Google map of the walk

I did this roughly 14.5 mile circular walk on Saturday, 23rd October 2010. It was basically a repeat of a very good walk I did back in April, but in the opposite (anti-clockwise) direction. I varied the route by taking a longer and more familiar route from Christmas Common to Idlecombe Wood, Turville, which saved some road walking - I've marked this as an alternative on the map. Again it proved to be a particularly good walk and I took lots of photographs, so this report is spread over four pages.

I set off from the car park on Watlington Hill (grid reference SU 709936) a few minutes after 10am. I was pleased to see the Highland Cattle at Watlington Hill Farm, I always look out for them when I come this way. Turning right from the car park, I followed the road a quarter of a mile to a T-junction, where I turned right to enter the village of Christmas Common. I forked left at a road junction, then almost immediately went right down Hollandridge Lane, which I followed to the edge of the village.
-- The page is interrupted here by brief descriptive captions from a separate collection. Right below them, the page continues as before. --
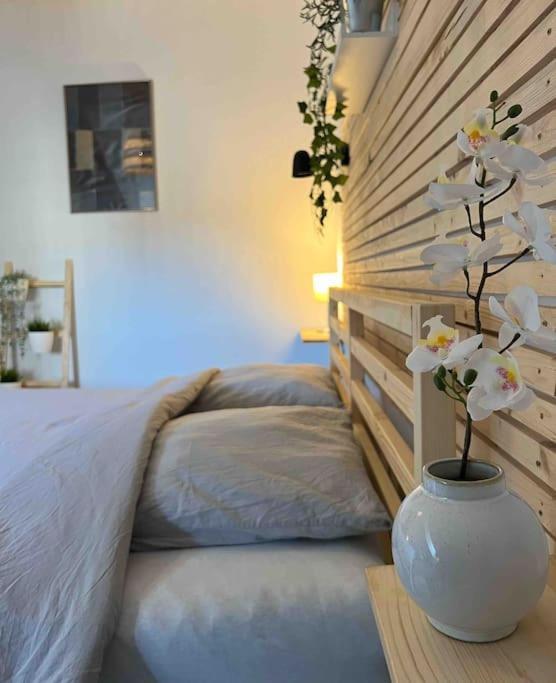 להר Boho Apartment In Der Stadtmitte מראה חיצוני תמונה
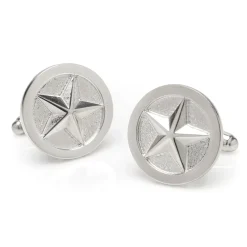 Max Lang 3D Rimmed Star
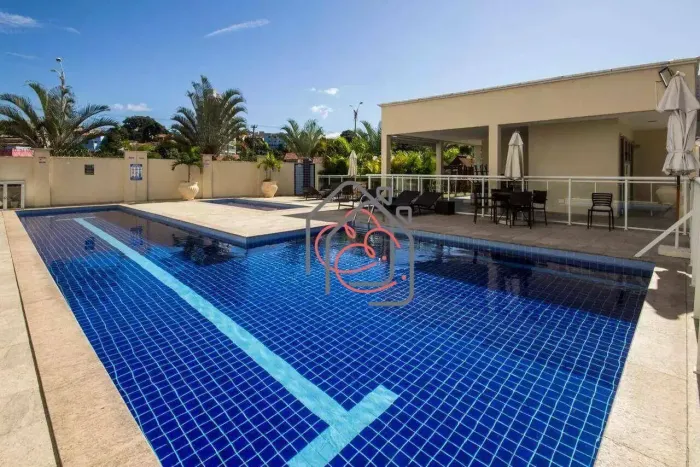 Apartamento com 3 dormitórios para alugar, 75 m² por R$ 4.190,00/mês - Glória - Macaé/RJ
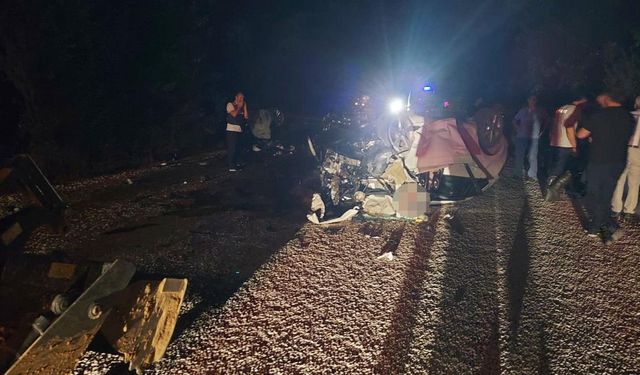 katliam gibi kaza: 6 vatandaş öldü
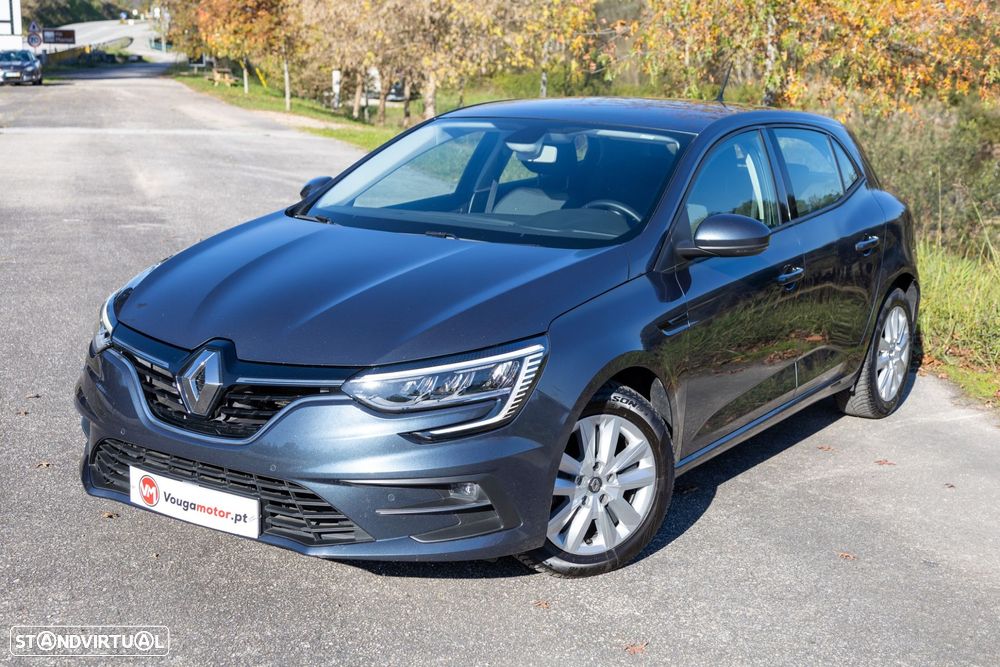 Renault Mégane 1.5 Blue dCi Intens - 1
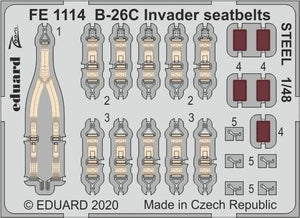 Eduard BIG49272 SBD-2 for Academy 1/48 – image 2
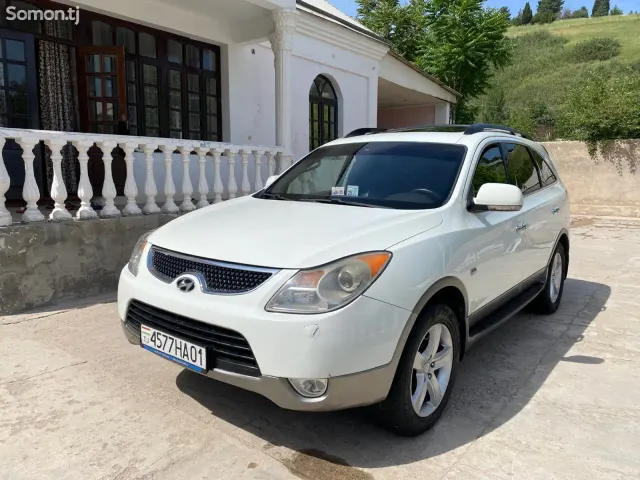 Hyundai Veracruz 2009 · 3.0 AT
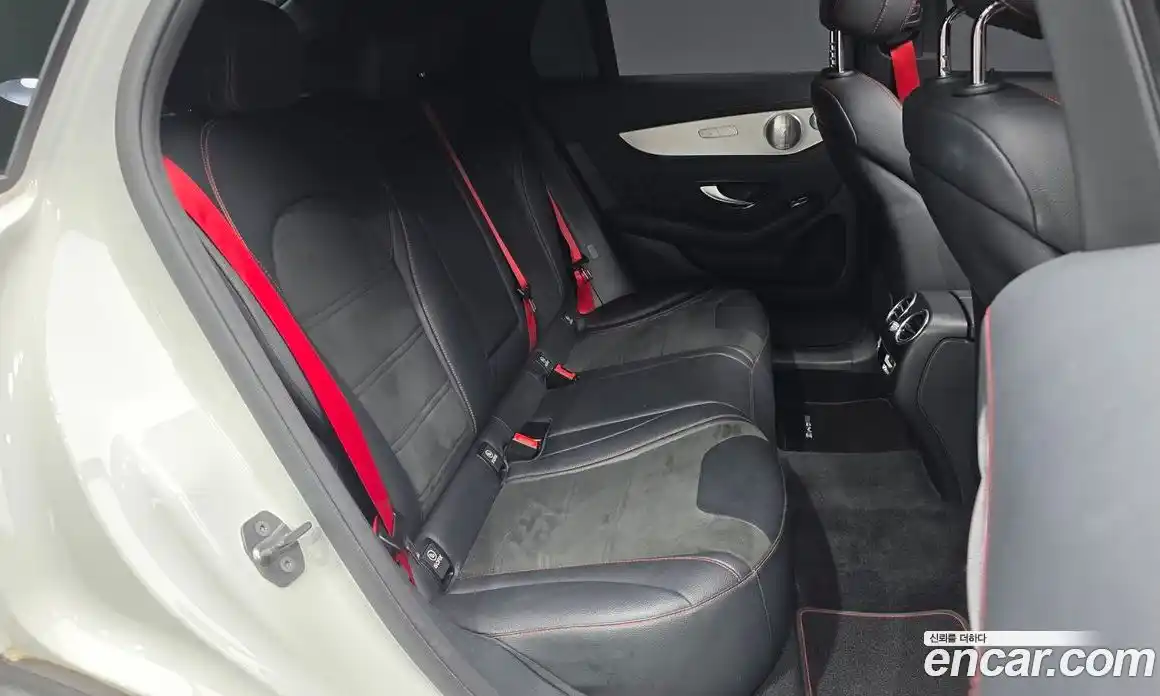 Mercedes-Benz GLC-Class 2019 3.0 Автомат в Москве № 342466, фото 7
Here (just past the last home on the right)  I turned left onto a bridleway that entered a wood called Prior's Grove, going downhill through the trees to reach a path junction in a valley bottom. The route I used last time took a footpath straight on, but now I stayed on the bridleway as it turned right.  There was now a very easy section of about 1.5 miles, following the bridleway through the trees as it followed the valley bottom, descending very slowly until I reached Turville Park Farm.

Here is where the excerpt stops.